A deal to avert a constitutional crisis within the UK as the country exits the European Union (EU) is "certainly achievable", a former senior Whitehall civil servant has told MSPs.

The UK Government is in talks with the devolved administrations over whether the European Union (Withdrawal) Bill needs to be changed after the first ministers of both Scotland and Wales branded it a power grab.

Professor Jim Gallagher, who was Whitehall's most senior civil servant concerned with devolution until he retired in June 2010, said the talks would "probably" be successful - but warned this would only happen if politicians on all sides are "not obsessed by the notion of sovereignty and the gaining of power".

The Scottish and Welsh governments have already made clear they cannot currently recommend legislative consent is given to the Bill - which aims to transpose EU law into British law so the same rules apply on the day of Brexit as the day before.

Clause 11 of the proposed legislation will see EU responsibilities in devolved areas initially transferred to Westminster - with UK ministers arguing this will allow common frameworks to be established across Britain before further devolution.

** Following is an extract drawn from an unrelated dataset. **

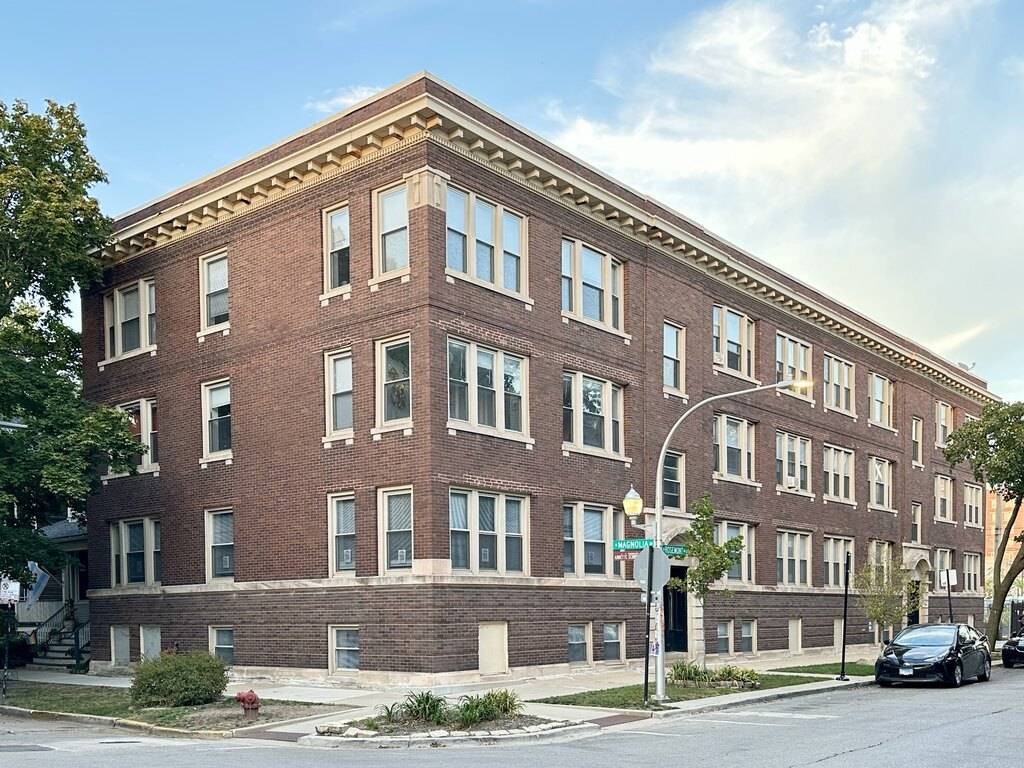 Chicago, IL 60660,1224 W Rosemont AVE #GDN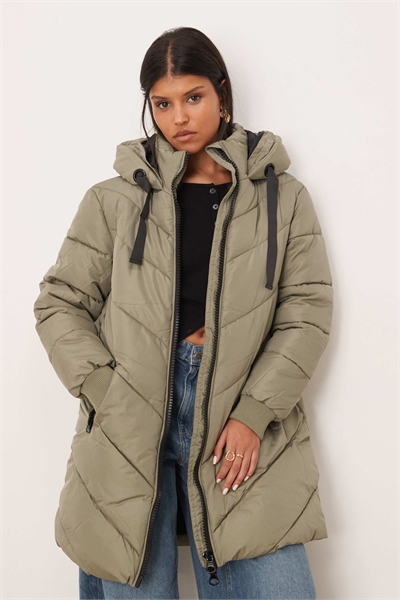Пуховик с капюшоном Chevron цвета хаки артикул 118874561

Westminster could override the objections of Edinburgh and Cardiff and pass the legislation without the consent of the devolved administrations - a move which would almost certainly spark a constitutional crisis.

However, Prof Gallagher, who served as Director-General for Devolution in the Cabinet Office, the No 10 Policy Unit and Ministry of Justice, said it was "significant" that UK ministers had said they wanted to get their agreement.

He was questioned on the talks as he appeared before MSPs on the Scottish Parliament's Finance and Constitution Committee.

Prof Gallagher, a research fellow at Oxford University's Nuffield College, said: "I think the process of negotiation that is under way needs to work and I think it probably will work."

He suggested the "right thing to do" would be for the UK Government to make clause 11 subject to a "sunset clause" - so it only applies for a certain period of time after which the powers would be passed from Westminster to the devolved administrations.

He said: "My impression is that negotiations between the governments have actually begun in earnest, in a way in which they hadn't earlier, partly because we need to put some of the politics aside here and find a solution to what is a very difficult operational system for many people.

"These negotiations will succeed if and only if each side is not obsessed by the notion of sovereignty and the gaining of power, but is actually looking for things that work in the real world.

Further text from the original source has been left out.